When the children and I returned to our campsite overlooking Lake Raystown in the scenic Pennsylvania foothills, it was already dark and my husband was pacing back and forth.

“Where have you guys been?” he asked me. “I was about to send out an APB.”

“P-Dawg,” I said solemnly as I took a seat by the fire, “I just had a transcendental experience.”

“Did you see a UFO?” my husband dead-panned.

“How did you know? Did you see it, too?”

Here the P-Dawg rolled his eyes. “It was just a wild guess. But go on,” he continued, in what I couldn’t help but notice was a patronizing tone of voice, “Tell me what you saw.”

“Well. You know how sometimes a person will tell you about seeing some kind of weird luminous object in the sky that is definitely not an airplane or a hot air balloon or even a weather satellite?”

“Yes . . .”

“And what you tend to do is smile and nod. Maybe you’ll say something like, ‘Wow! That’s incredible,’ but what you’re really thinking is, ‘This person is a total nut job who probably also plays D&D and goes to medieval re-enactment fairs.”

“Yes . . .”

“Well, I know how those people feel now, the ones who no one believes.”

“Okay.”

“I took the kids for a walk down by the lake and while they were having a blast with the playground all to themselves, I sat down on a nearby rock and watched the sun set between the mountains. It was a gorgeous sunset, all salmon and coral blending into lavender gray within this perfectly balanced frame of water, mountains, and clouds around it.”

“Uh-huh.”

“And I felt totally content. The sight of that beautiful sunset completely eradicated those first few not so great days of our vacation, when I had to adjust to living in squalor and taking public showers, and when our reunion with our friends got rained out and when our side storage compartment opened up on the turnpike and we lost some of our stuff.”

“Go on,” said the P-Dawg.

“And just as I was thinking about what a perfect ending that sunset was to our vacation, this ORB OF GOLDEN LIGHT came up over the top of the mountain and started moving towards me.”

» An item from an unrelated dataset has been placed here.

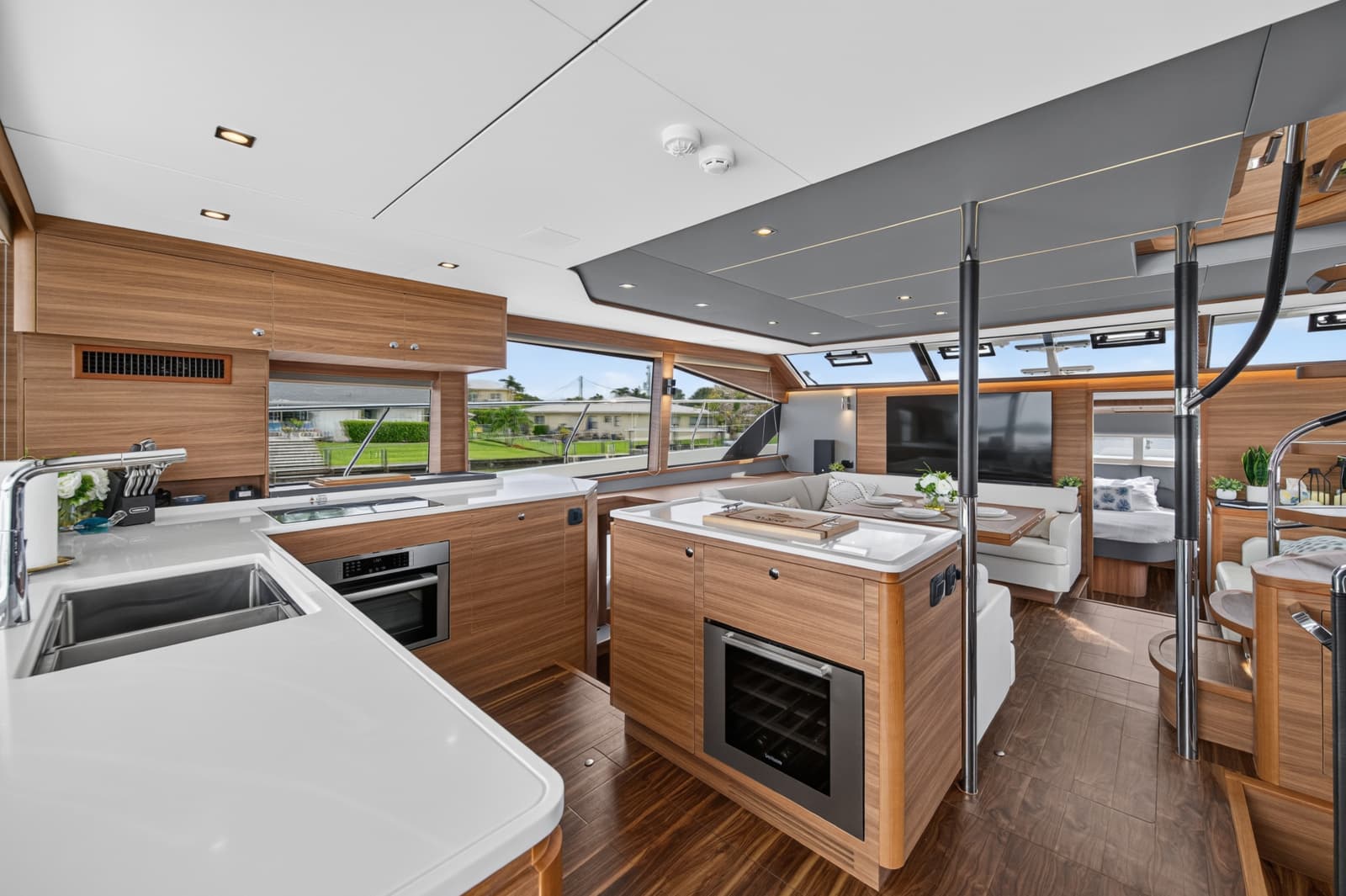 2025 Aquila 54 YACHT - Photo 99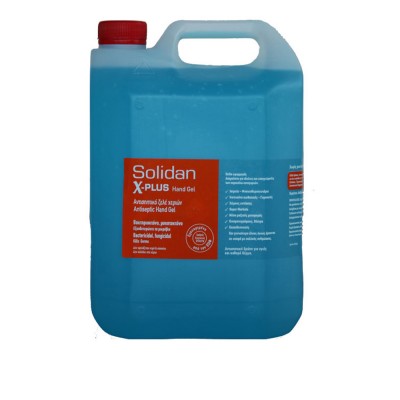 Αντισηπτικό Gel 4lt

“Sounds like Ball Lightning.”

“It was about half the size of a full moon, I’d say. At first I thought it was a hot air balloon or something because the edges seemed like they were burning, but as it came closer I could tell it obviously wasn’t that. It was a glowing ball of fire. And I’ll tell you something else, P-Dawg. I saw it right there in front of me plain as the nose on your face.”

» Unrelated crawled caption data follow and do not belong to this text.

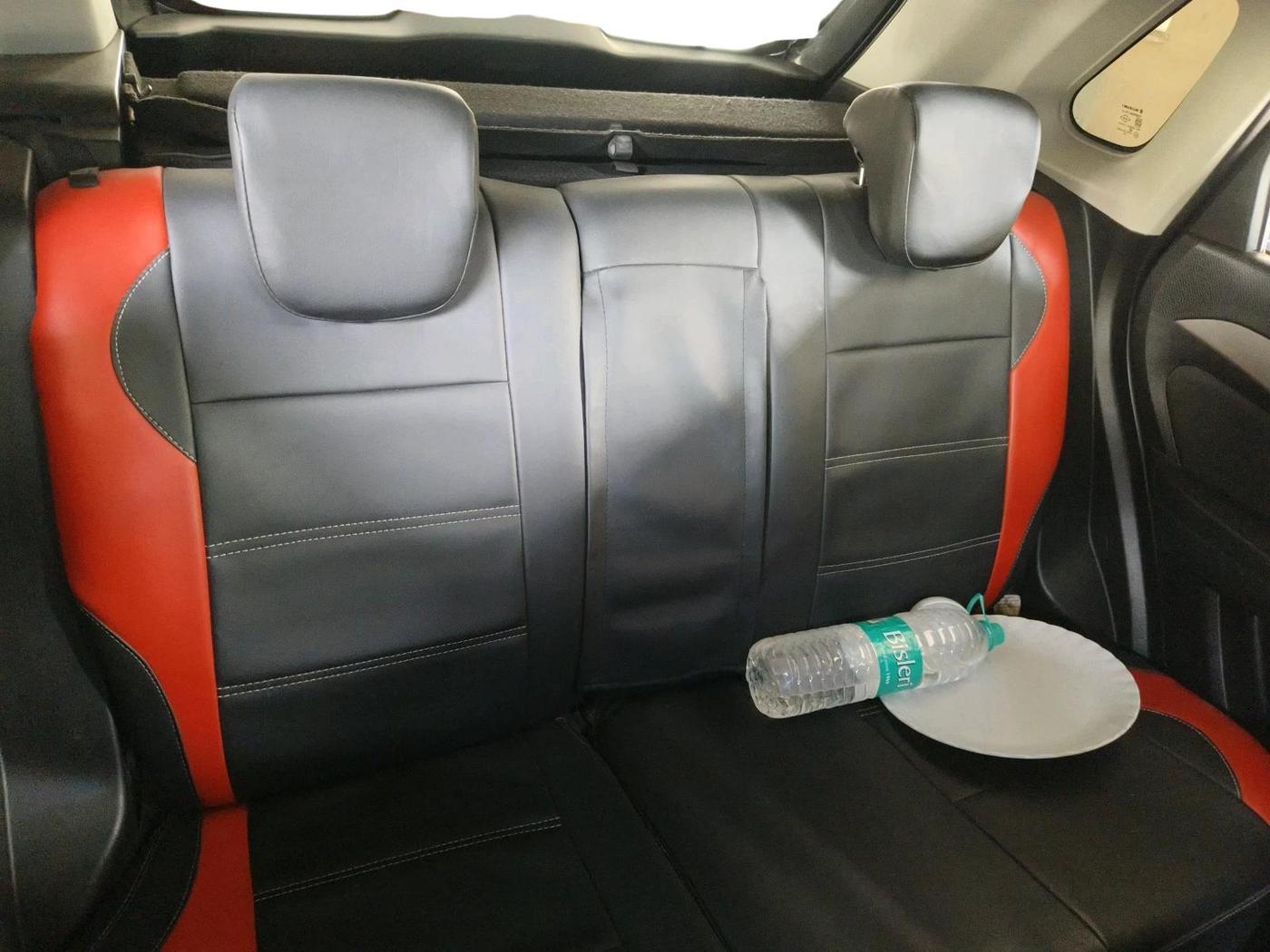 2019 Maruti Vitara Brezza ZDI, Diesel, Manual, 94,443 km, interior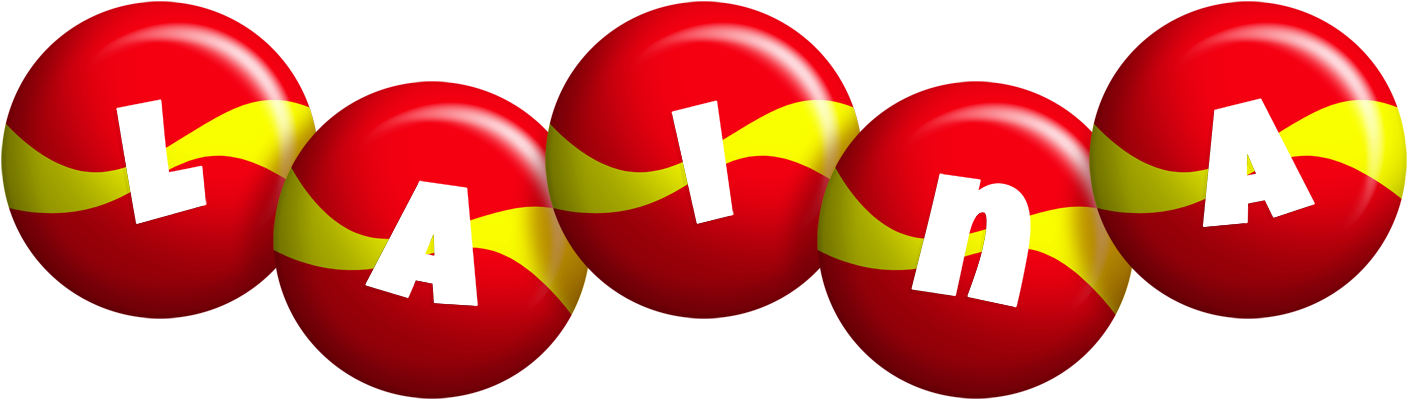Laina spain logo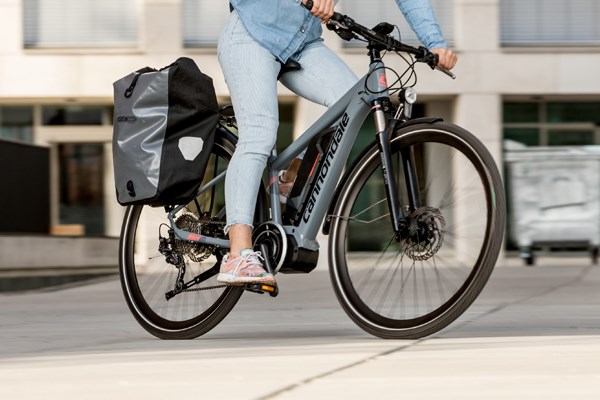 Electric Bikes For Commuting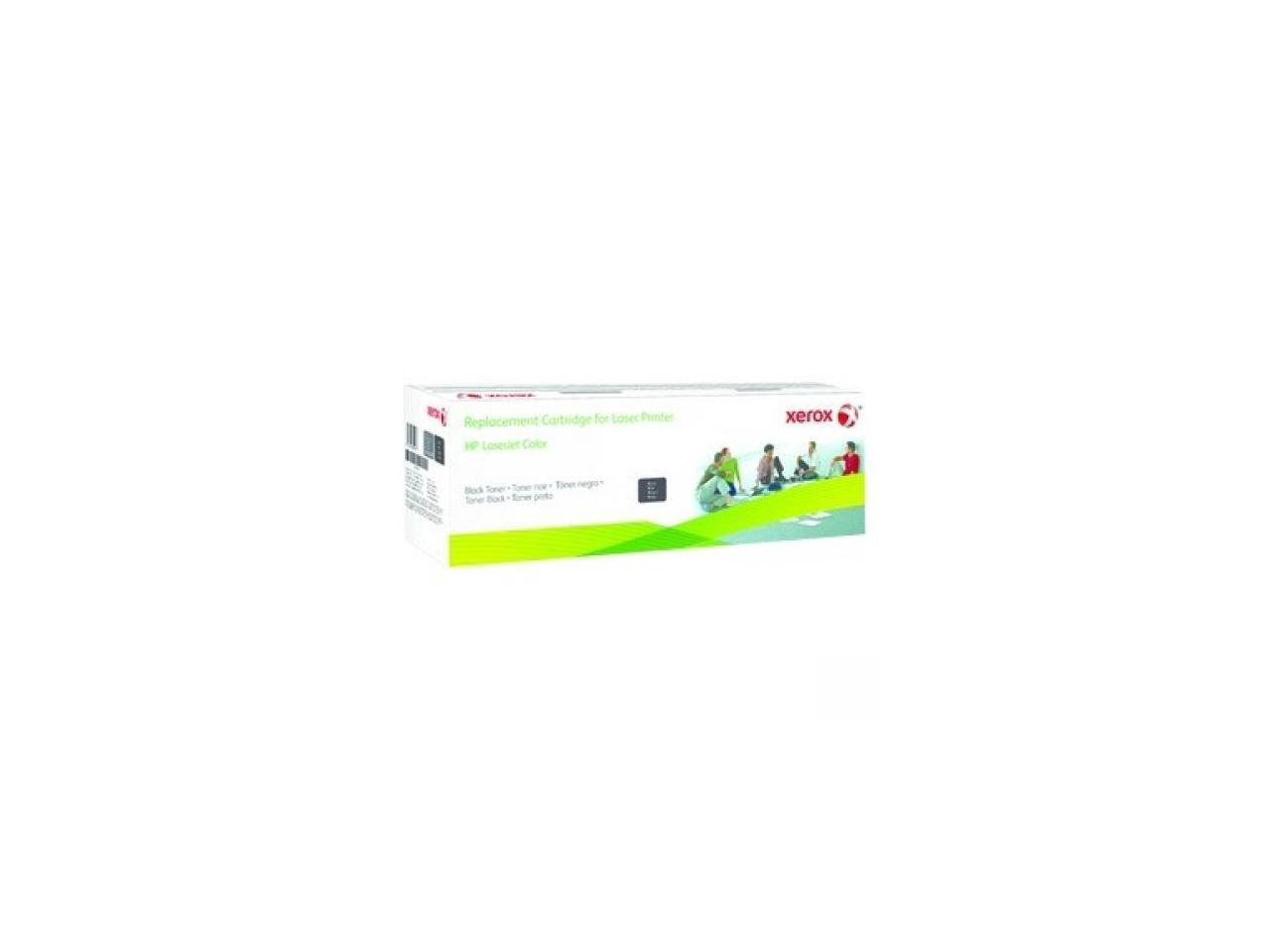 Xerox Compatible 006R03250 Toner Cartridge Replacement for HP 83A CF283A 1500 Page Yield; Black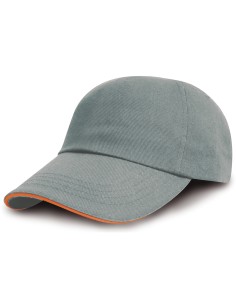 R-RC50X-Casquette à impressions/broderies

“I bet it was Ball Lightning.”

“It was moving towards me, but I felt no fear. Instead I got up from my rock and started walking toward it. It was the strangest thing I’d ever seen in the sky and I just had to find out what it was.”

“Ball Lightning” the P-Dawg said.

“I did not feel as though I was in any danger. It was one of those times when you think, ‘If this is the mothership come to take me home, well then so be it. I stared at it for several minutes and just when it got close enough that I thought I’d finally be able to make out what it was, it suddenly receded into a tiny pinprick and disappeared.”

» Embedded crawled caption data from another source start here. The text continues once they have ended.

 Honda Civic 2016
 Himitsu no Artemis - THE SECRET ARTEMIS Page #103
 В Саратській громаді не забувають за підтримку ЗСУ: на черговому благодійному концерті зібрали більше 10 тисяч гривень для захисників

“Look up ‘Ball Lightning’,” my husband said to me.  “Also, ‘Foo Fighter’,’Saint Elmo’s Fire’ and ‘Will o’ the Wisp’. I hear it happens pretty often when the conditions are right.”

“Have you ever seen it?”

“No.”

“Well. If it’s so common, how come they never mentioned it in my Earth Science class?”

Some of you are probably wondering if the Ball Lightning had a message for me.

It did not. But on that last night of our camping trip, in the tranquil breath between day and night, in front of misty mountains against a canvas of pink light, I felt for a moment as though all was right with the world. It made our whole trip worth it.

And now whenever I walk past the microwave, it starts going automatically and my hair stands on end.

Just kidding.

 

Of course, I didn’t have my phone or camera with me. But the Ball Lightning looked something like this:

 

You can look at some of the more mundane photos from our trip on my Flickr page here. One of the kids deleted most of the photos from my camera, so I have very few pictures from the inside of the camper and the three days we spent in DC.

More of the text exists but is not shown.